PROBLEM DESCRIPTION: Only one stretch of the data is wanted: the line containing "Инструмент для подсадки эмбриона", the line containing "Micrografía electrónica de", and every line between them, copied exactly.

EXTRACTED RECORDS:

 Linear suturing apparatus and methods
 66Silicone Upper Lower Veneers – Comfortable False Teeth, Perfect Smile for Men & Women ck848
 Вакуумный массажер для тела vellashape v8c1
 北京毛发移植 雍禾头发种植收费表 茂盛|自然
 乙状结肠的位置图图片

...

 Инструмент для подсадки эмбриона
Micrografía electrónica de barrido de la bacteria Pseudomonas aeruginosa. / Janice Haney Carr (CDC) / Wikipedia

PROBLEM SOLUTION:
 Инструмент для подсадки эмбриона
Micrografía electrónica de barrido de la bacteria Pseudomonas aeruginosa. / Janice Haney Carr (CDC) / Wikipedia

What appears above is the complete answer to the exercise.